Task to complete: Could you repeat the entries below exactly, but only from the line with "De La Salle" through the line with "世界足球明星齐聚武汉直播盛典精彩瞬间回顾与球迷互动盛况", and without any picture?

Dataset records:
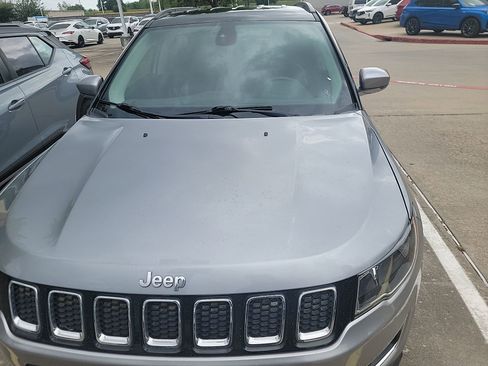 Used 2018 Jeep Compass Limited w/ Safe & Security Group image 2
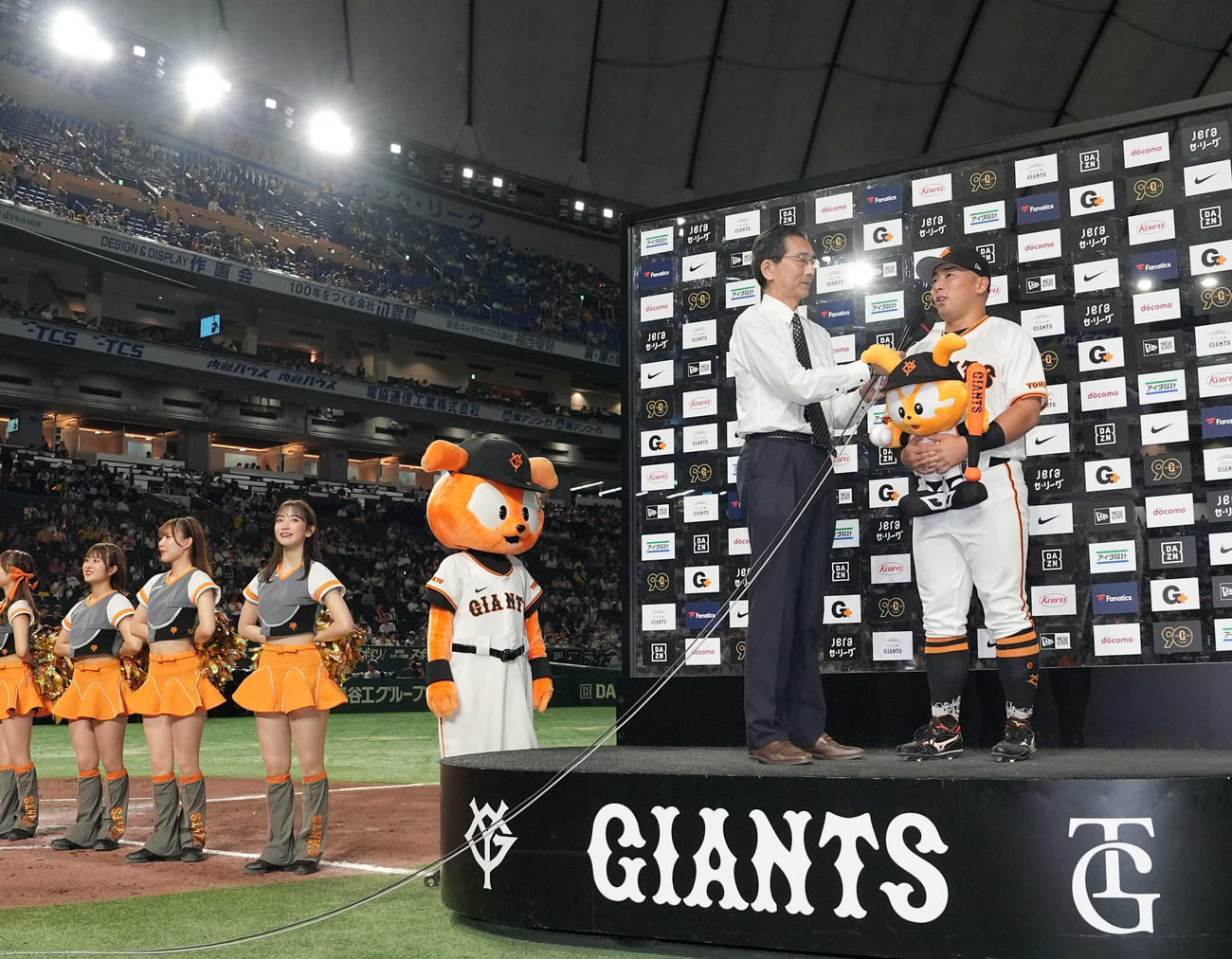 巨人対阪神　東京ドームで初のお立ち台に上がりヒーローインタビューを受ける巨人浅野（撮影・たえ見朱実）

--

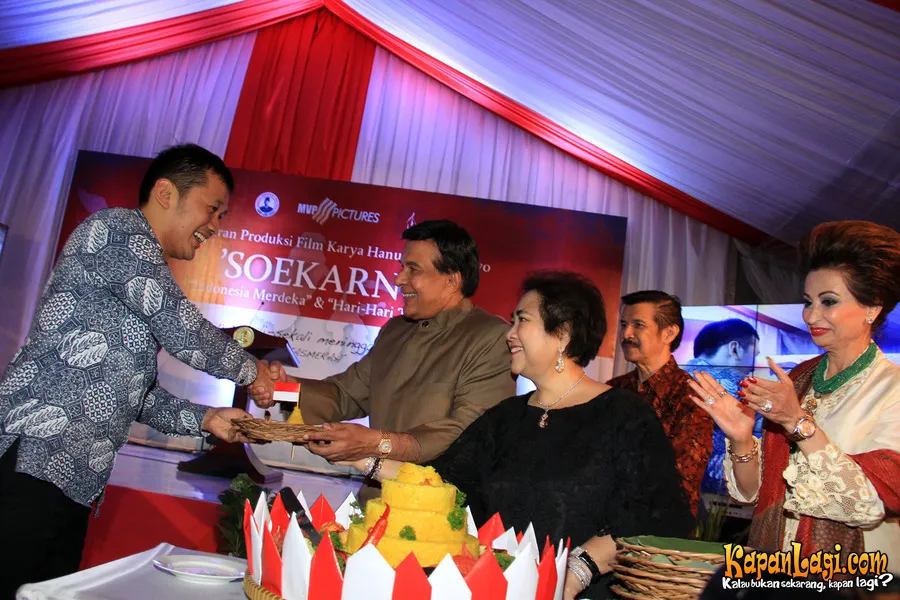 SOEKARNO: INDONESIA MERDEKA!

--

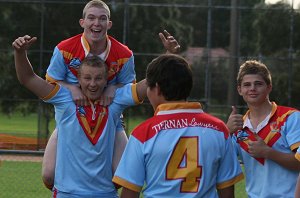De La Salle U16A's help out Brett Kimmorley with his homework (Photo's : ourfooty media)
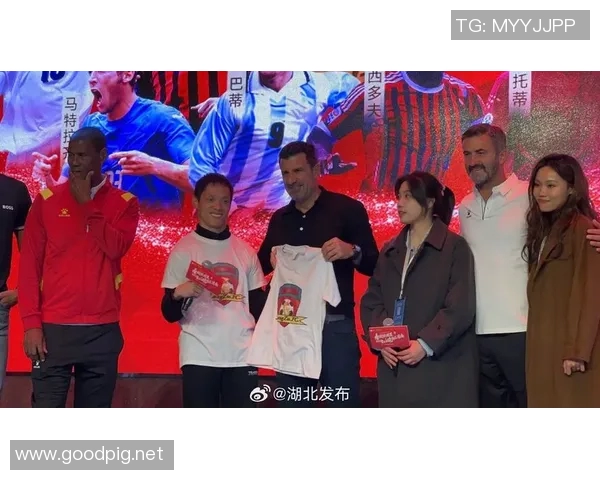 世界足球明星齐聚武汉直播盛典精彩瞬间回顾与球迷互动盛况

Result of the task:
De La Salle U16A's help out Brett Kimmorley with his homework (Photo's : ourfooty media)
 世界足球明星齐聚武汉直播盛典精彩瞬间回顾与球迷互动盛况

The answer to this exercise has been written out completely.